Когда Кинг замолчал, толпа спокойно разошлась по домам.
«Если бы не этот негр-священник, — сказал потом один из полицейских, — мы все были бы покойниками».
На следующей неделе две дюжины новых водителей записались в автомобильный пул. Количество телефонных звонков домой Кингу сократилось. Люди начали организовываться самостоятельно, руководить бойкотом и тем самым продолжать движение. Когда у домов других организаторов бойкота тоже взорвались бомбы, события разворачивались по той же схеме. Темнокожие жители Монтгомери появлялись вместе, давали показания без применения насилия и стычек, а затем уходили домой.
Это самонаправляемое единство обнаружилось не только в ответ на насилие. Церкви стали каждую неделю, а иногда и каждый вечер проводить массовые собрания. «Они были похожи на речи доктора Кинга после взрыва — пасторы брали христианское учение и придавали ему политическую окраску, — рассказывал мне Тейлор Бранч. — Движение — как сага. Чтобы оно продолжалось, должен измениться каждый. Жителям Монтгомери пришлось научиться действовать иначе».
Подобно Обществу анонимных алкоголиков, которое черпало силы в групповых встречах, во время которых алкоголики овладевали новыми привычками и начинали верить, глядя на демонстрацию веры другими людьми, жители Монтгомери во время массовых встреч учились новому поведению, расширявшему движение. «Люди приходили посмотреть, как другие управляли движением, — говорил Бранч. — Начинаешь видеть себя частью большого общества, а через некоторое время действительно веришь в это».
• • •
Когда полиция Монтгомери прибегла к массовым арестам, чтобы остановить бойкот через три месяца после его начала, общиной овладела подавленность.

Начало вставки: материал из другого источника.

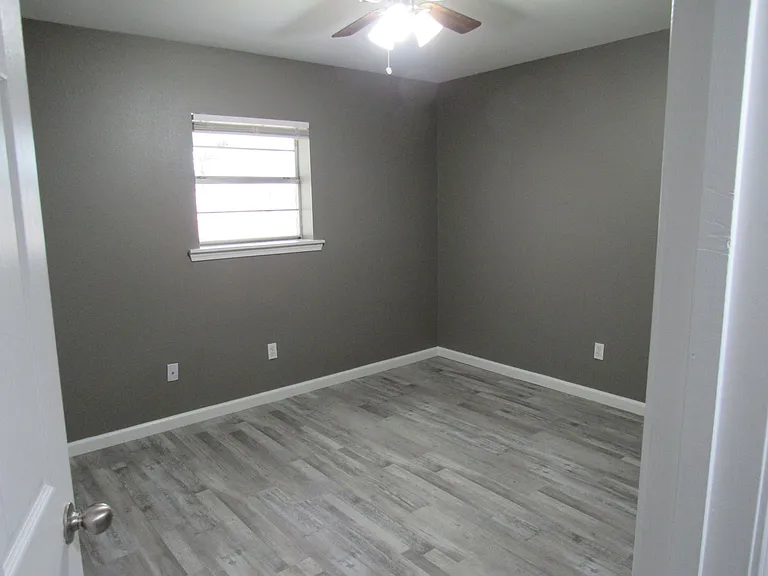 415 Waymack Dr — Photo 13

После того как 90 человек получили обвинение со стороны суда присяжных, почти все они явились в суд, чтобы сесть под арест. Некоторые пришли в кабинет шерифа проверить, есть ли в списке их имена, и «огорчились, не найдя их», как писал потом Кинг. «Объятые прежде страхом люди изменились».

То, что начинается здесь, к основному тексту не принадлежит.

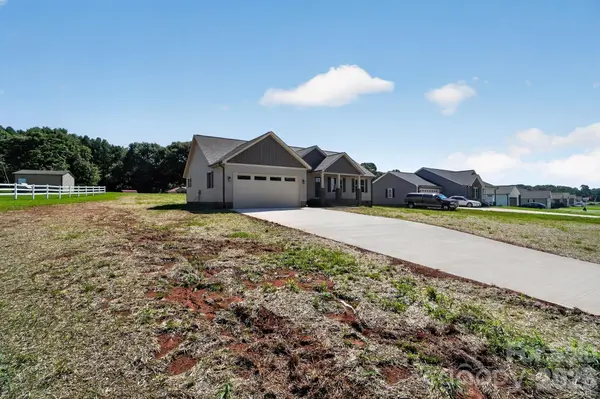 2418 Rock Dam RD, Lincolnton, NC 28092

В последующие годы, когда движение разрасталось и начались волны нападений и убийств, арестов и драк, протестующие, вместо того чтобы драться в ответ, отступать или применять тактику, которая на протяжении многих лет до акции в Монтгомери была основным оплотом активистов, просто стояли на своем и говорили белым членам «комитета бдительности», что готовы простить их, ибо ненависть прошла.
«Тактика оппозиционеров не остановила движение, она служила лишь его укреплению и сплочению участников, — писал Кинг. — Они думали, что имеют дело с группой, которую можно обмануть или заставить делать все, что захотят белые. Они не знали, что имеют дело с неграми, освободившимися от страха».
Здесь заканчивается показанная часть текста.